Would you output the entries below only from the line containing "Чудовий гаманець з" through the line containing "Ruban Adhésif Polyimide", exactly as they stand and with both ends included?

------------------------

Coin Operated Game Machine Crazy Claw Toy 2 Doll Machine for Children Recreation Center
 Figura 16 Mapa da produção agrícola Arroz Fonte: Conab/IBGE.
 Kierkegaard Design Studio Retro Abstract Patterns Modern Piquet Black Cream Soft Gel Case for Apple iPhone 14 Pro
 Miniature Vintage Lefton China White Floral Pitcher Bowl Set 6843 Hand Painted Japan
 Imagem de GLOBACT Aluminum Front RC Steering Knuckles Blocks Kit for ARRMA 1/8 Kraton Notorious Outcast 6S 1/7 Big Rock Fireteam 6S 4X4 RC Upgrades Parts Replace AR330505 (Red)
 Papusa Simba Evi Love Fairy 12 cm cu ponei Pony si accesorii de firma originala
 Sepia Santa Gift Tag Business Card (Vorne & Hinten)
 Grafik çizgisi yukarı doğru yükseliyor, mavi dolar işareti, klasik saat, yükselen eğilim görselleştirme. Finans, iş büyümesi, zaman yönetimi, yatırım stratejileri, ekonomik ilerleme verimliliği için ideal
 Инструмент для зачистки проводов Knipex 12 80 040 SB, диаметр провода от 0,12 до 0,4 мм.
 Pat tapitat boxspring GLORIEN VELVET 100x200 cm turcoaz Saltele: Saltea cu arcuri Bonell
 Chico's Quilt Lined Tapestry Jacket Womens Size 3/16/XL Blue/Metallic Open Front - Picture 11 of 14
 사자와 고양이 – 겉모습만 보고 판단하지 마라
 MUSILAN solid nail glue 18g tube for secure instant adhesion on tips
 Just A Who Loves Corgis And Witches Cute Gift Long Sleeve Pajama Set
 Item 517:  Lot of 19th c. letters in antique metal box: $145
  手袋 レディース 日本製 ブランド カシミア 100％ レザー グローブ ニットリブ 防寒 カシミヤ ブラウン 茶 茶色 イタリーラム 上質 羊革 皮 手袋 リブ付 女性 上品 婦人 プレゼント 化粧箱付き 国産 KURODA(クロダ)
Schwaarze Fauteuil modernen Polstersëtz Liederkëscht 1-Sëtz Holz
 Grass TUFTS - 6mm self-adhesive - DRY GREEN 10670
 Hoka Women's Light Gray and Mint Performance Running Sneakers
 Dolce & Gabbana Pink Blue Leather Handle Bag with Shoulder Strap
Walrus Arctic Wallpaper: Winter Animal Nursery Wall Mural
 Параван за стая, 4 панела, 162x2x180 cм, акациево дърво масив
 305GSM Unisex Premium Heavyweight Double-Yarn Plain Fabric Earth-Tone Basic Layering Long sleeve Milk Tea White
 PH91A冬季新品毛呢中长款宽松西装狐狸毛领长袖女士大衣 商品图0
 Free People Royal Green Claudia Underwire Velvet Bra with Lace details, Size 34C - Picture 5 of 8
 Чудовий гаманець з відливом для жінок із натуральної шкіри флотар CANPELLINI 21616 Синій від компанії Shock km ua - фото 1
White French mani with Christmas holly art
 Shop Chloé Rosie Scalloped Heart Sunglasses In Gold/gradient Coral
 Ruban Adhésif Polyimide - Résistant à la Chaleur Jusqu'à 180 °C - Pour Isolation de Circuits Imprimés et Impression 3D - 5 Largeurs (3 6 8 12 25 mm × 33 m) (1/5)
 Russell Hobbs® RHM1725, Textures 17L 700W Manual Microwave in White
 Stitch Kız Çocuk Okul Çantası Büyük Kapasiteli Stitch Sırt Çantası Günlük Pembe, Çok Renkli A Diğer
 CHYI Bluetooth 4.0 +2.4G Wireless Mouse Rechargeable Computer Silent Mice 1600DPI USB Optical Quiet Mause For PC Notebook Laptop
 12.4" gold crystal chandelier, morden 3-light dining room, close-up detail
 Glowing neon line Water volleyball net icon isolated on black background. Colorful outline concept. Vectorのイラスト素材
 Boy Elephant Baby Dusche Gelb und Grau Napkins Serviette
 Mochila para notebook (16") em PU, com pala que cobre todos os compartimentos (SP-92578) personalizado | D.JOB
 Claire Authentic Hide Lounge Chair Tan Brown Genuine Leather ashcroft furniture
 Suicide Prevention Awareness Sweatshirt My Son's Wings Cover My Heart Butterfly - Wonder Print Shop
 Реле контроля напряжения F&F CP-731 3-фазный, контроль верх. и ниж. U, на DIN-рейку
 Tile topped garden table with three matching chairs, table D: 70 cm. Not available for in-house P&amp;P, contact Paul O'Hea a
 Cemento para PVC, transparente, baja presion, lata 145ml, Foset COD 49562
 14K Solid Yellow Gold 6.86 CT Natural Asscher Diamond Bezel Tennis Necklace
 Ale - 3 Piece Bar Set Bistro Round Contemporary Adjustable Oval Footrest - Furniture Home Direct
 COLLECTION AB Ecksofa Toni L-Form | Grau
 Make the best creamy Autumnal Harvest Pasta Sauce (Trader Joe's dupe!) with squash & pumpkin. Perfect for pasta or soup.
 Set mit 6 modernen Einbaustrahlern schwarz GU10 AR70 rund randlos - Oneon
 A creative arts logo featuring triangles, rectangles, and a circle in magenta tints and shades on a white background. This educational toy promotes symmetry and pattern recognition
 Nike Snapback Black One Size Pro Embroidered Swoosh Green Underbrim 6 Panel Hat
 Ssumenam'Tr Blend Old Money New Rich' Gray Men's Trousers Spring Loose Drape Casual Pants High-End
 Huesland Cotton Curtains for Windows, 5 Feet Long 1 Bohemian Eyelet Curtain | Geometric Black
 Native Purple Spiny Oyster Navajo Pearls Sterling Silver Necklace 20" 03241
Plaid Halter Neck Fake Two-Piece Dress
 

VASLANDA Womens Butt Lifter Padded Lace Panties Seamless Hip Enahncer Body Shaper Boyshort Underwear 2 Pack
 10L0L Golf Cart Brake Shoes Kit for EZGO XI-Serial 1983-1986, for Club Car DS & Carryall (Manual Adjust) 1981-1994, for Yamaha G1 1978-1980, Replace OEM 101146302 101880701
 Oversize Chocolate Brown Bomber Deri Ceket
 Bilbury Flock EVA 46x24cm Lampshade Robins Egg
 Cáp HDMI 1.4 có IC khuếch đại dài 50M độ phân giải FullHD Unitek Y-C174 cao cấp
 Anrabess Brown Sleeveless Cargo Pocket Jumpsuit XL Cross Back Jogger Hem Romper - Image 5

------------------------

TASK ANSWER:
 Чудовий гаманець з відливом для жінок із натуральної шкіри флотар CANPELLINI 21616 Синій від компанії Shock km ua - фото 1
White French mani with Christmas holly art
 Shop Chloé Rosie Scalloped Heart Sunglasses In Gold/gradient Coral
 Ruban Adhésif Polyimide - Résistant à la Chaleur Jusqu'à 180 °C - Pour Isolation de Circuits Imprimés et Impression 3D - 5 Largeurs (3 6 8 12 25 mm × 33 m) (1/5)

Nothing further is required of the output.